§ Aim of the task: What you return should be each line of the data containing the string "Video".

START Material for this task

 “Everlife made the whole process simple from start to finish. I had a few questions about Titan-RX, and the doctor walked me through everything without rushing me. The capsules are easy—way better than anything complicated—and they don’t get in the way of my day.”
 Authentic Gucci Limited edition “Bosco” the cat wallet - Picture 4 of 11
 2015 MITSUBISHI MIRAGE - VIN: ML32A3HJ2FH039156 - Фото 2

END Material for this task
START Material for this task

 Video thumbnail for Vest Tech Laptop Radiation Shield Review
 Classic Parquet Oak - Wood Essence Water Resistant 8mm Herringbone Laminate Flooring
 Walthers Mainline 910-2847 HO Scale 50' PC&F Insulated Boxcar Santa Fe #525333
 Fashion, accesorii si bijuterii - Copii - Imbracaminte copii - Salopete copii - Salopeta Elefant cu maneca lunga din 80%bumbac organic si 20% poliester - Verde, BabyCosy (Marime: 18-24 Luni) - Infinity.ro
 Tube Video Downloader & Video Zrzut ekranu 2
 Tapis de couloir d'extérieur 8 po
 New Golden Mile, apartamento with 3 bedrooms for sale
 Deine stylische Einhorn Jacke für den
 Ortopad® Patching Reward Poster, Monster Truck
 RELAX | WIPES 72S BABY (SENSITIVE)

END Material for this task
START Material for this task

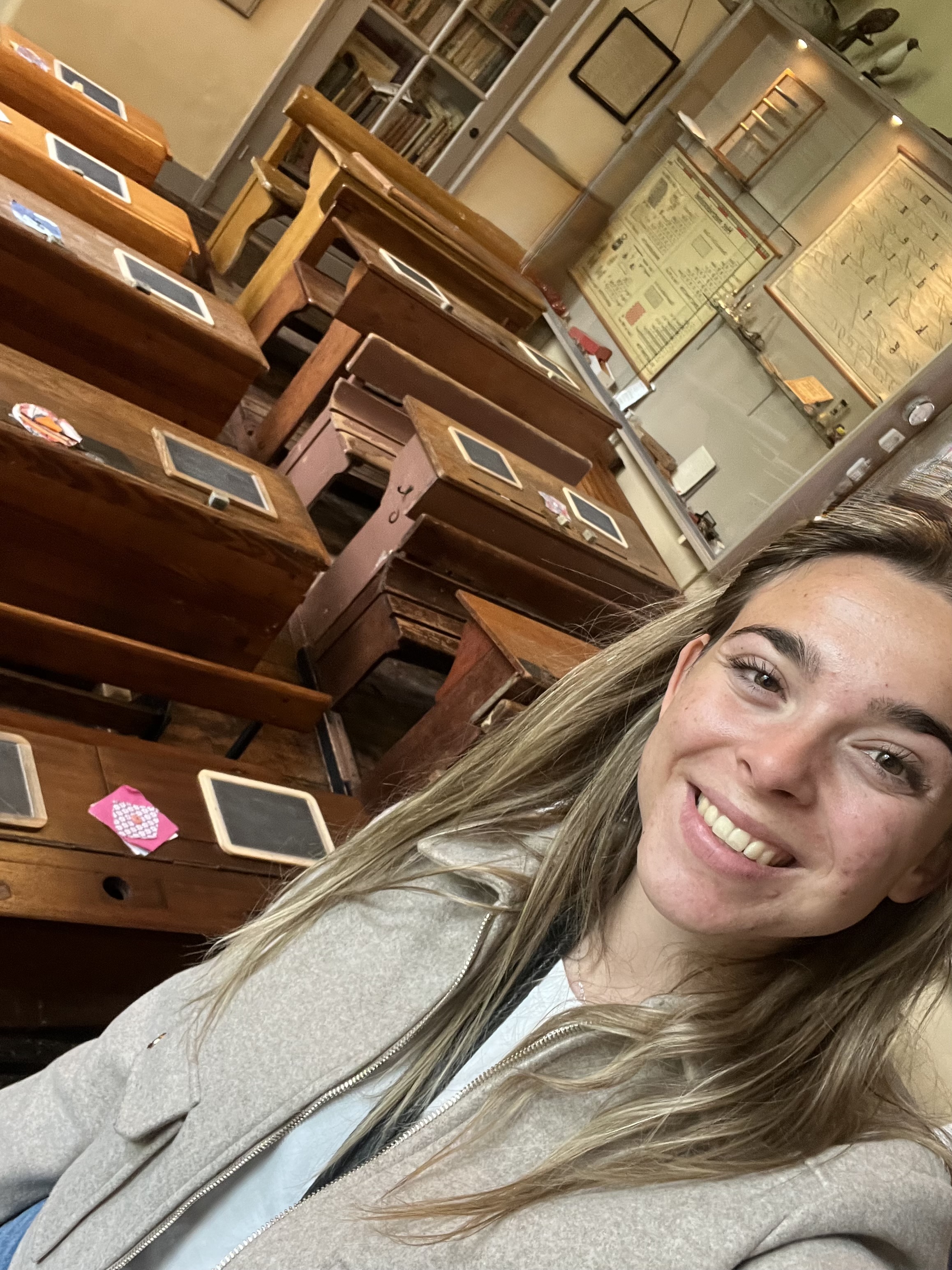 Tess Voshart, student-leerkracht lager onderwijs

END Material for this task

§ Task output:
 Video thumbnail for Vest Tech Laptop Radiation Shield Review
 Tube Video Downloader & Video Zrzut ekranu 2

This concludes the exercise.